What is more, it does not exclude the fact that Poland should be considered as having been dominated and subordinated by historical imperial powers.[22] It is, however, less a question of whether the Prussian/German, Austrian/Austro-Hungarian, and Russian empires could be identified and fit precisely into the definition of the colonizers; Poland lost its political autonomy for over 120 years and was divided among three powers. The fact is that Polish culture and identity was subjected to change due to this political upheaval, especially if various policies of assimilation are considered. In spite of that, many of the analyses of Polish identity focus on the times of socialist utopia that lasted from the end of World War II until 1989. This part of history should also be included in the art museums’ narratives, since it is not possible to deny its social and political impact on art practice. However, the emphasis that is put on forty-four years that were supposedly crucial for the formation of Polish identity and culture seems to be quite a simplification. Polish art did not become peripheral solely because of communism— it was considered to be marginal long before. The post-colonial perspective would therefore reflect the shifts of power hierarchies as well as multitude of identity narratives in more complex way than the post-communism does.

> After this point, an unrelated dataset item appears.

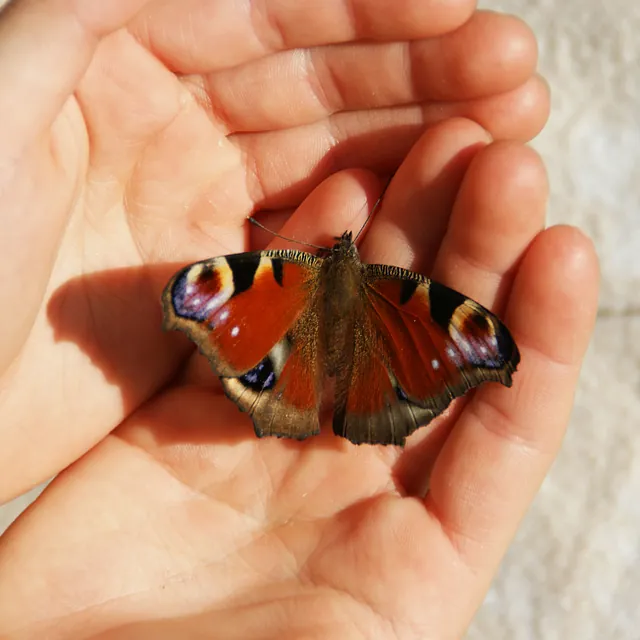 Leben in der Hand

Since the time of recent political transition, more and more Polish artists appear on the global art market or take part in exhibitions worldwide, on equal terms with their Western counterparts. Nevertheless, institutional practices and exhibitions omit many of these contexts, giving an impression as if the current status quo has always existed. What is more, two decades after the transformation, Poland is experiencing an intense culture war that erupted as a result of conflicting identity narratives. There is a great need, therefore, for cultural institutions to join this fierce debate and propose a less emotionally driven public discussion. As for the art history museums, there remains a vital necessity to reconsider the geopolitical location of Poland on the cultural map of Europe, as its belonging to the Western tradition no longer seems clear. This process would employ various narratives that oscillate between questions of history, identity, and cultural production and its forms of institutionalization. The act of reconsidering the obvious would probably lead towards a comprehensive social analysis, including the power relations that shaped the geopolitical divisions. As for the modern and contemporary art museums, the fundamental questions remain the same. Shifts in global trajectories have resulted in a new hierarchy, an art world that includes artists from Poland as well. Now, it is high time for the Polish museum to critically examine its contemporaneity, and to find its way out of what Kovacevic perceives as a proto-colonial relationship regarding its following the West’s prosperity.